With Sanath Jayasuriya leading the way with 111, from just 82 balls, Sri Lanka coasted to a comfortable seven-wicket win. It led Daniel Vettori, captain in place of Stephen Fleming for the first two ODIs and by some distance the most economical Kiwi bowler (only 36 runs from eight overs), to ask his bowlers to get the basics right, a fair demand given that his bowlers gave away 16 wides and no-balls.
"The bowling plan is exactly the same, it's just about the implementation, which we let slip in Napier," he said. "Sri Lanka bat down to seven and eight, so you've got to take wickets at the top and try not to buy those wickets, which we tended to do in the first game."
John Bracewell, the Kiwi coach, also backed his inexperienced attack to come good for the second ODI, to be played at Queenstown tomorrow. "They were pretty positive by the time we left the dressing room [at Napier] in terms of what they were going to do about the next game," he was quoted as saying in the New Zealand Herald. "The proof will be in the pudding - to see if they improve or go backwards." New Zealand will be without Shane Bond again, who is sitting out the first two games, like Fleming, as part of a rotation policy.

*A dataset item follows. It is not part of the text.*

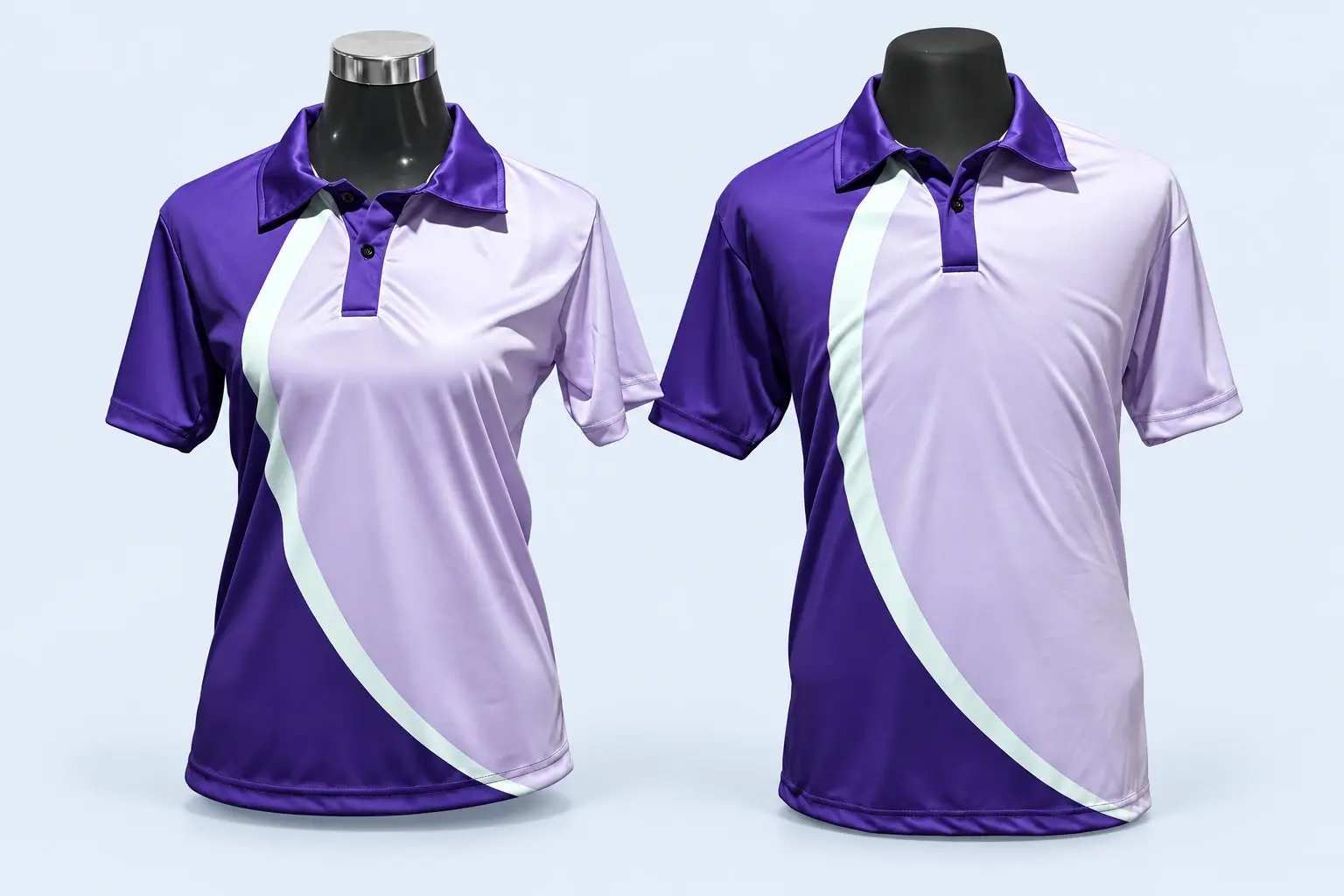 Cloud Blue studio presentation of Purple & White Team Polo.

Bracewell said the performance was mainly down to younger bowlers getting carried away by the speed gun, especially after the second Twenty20 international, where some of the bowlers touched speeds of 140km/h and above.

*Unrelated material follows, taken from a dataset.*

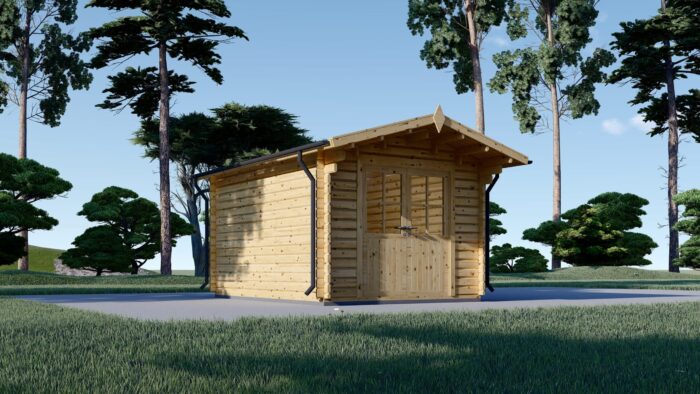 Premium Gartenhaus aus Holz PETRA (34mm), 3x3m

"The inexperience showed. A couple of young bowlers who can bowl reasonably fast got a bit red-eye with the radar. They were trying to run in a little too hard and bowl a little too fast in an effort to get wickets, rather than trying to control the game through good accurate, back-of-the-length bowling."
But Bracewell was adamant that the exuberance wasn't necessarily a bad thing, especially if New Zealand were serious about developing a genuine pace attack. "If we want a pace attack, then we have to be prepared to give them some sort of leeway. I don't want to knock their confidence. If you can find quick bowlers who can hit the back-of-a-length, then they're going to be handy for you in the long run; much more useful rather than medium pacers we normally produce."

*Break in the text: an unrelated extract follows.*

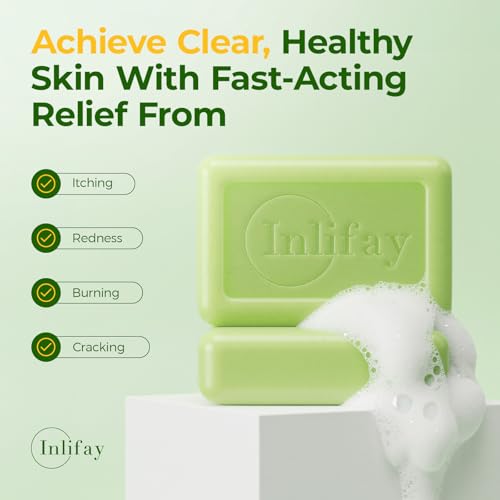 Inlifay Antifungal Soap Bar for Men: Anti Fungal Skin Soap for Athlete's Foot, Jock Itch, Ringworm - Tea Tree Fungus Soap for Active People Daily Body Cleansing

The other concern for the hosts is the condition of Nathan Astle's bruised thigh, making him an uncertain starter for the Queenstown match. His experience, as Vettori admitted, is invaluable: he guided his side home chasing a mediocre total in the Twenty20 game on Boxing Day and in the first ODI, made an accomplished 83, passing in the process, 7000 ODI runs.
New Zealand have called up Astle's brother-in-law Craig McMillan as cover, though if he does play, it would be his first international action in over a year. "If we lose that experience and we lose that form it's going to mean someone is going to have to step up to cover it," Vettori said. James Marshall, who was out first ball in Napier, is likely to step into Astle's opening position if he is ruled unfit though the final teams will only be announced on the morning of the match.
Sri Lankan captain Mahela Jayawardene has few such concerns and is not expecting significant changes in the side. "We have to keep a combination, we need to keep confidence in the guys and have the senior group -- the matchwinners -- intact and in form as we build up to the World Cup," Jayawardene said.